Mungkin di kamar ini nama kekasih itu selalu kausebut. Aku yakin kursi putih berteman meja tumpukan kertas telah menyaksikannya. Betapa sunyi ia merekam penantian itu bersama waktu yang mendingin.
Sepucuk surat belum genap tertulis. Pada tiap awal paragraf, nama kekasih itu tertera. Hanya di ujung paragraf ketiga nampaknya kau ragu. Apa sebenarnya yang membuatmu berhenti menulis surat? Bukankah kau bisa bertanya kepada desir angin yang melawat jendela? Kapan hujan terakhir akan membawa surat ke ujung timur?
Aku masih menerka berbagai kemungkinan. Termasuk mengapa kau bersikeras memindah ranjangmu ke teras.

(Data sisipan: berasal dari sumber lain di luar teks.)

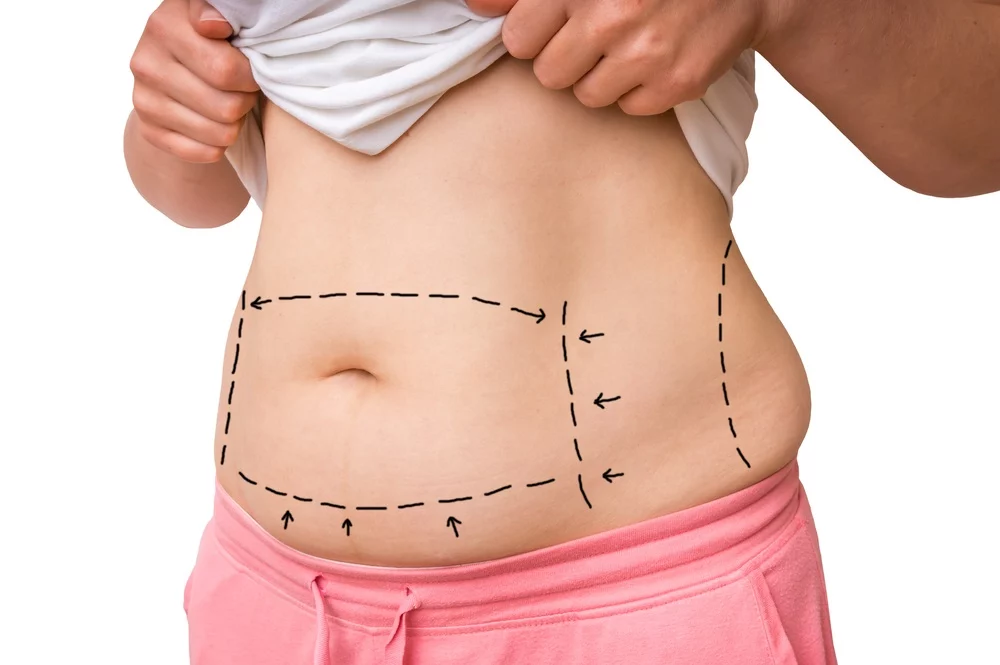 Tummy Tuck Surgery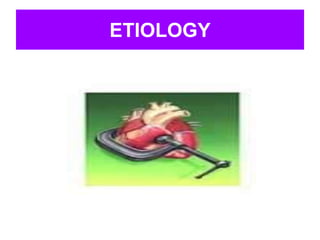 ETIOLOGY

Katamu, kau sudah kehabisan mimpi untuk bertemu kekasihmu. Tapi, nyatanya kau tak ingin terhalang apapun untuk menatap kekasihmu.
Setelah namamu tertulis di batu nisan, aku masih menyimpan berbagai tanya. Termasuk nama seseorang yang kau tulis di suratmu. Mengapa nama itu mirip sekali denganku? bukankah kau tahu aku hanya kelopak bunga yang selalu menaburi kubur rindumu?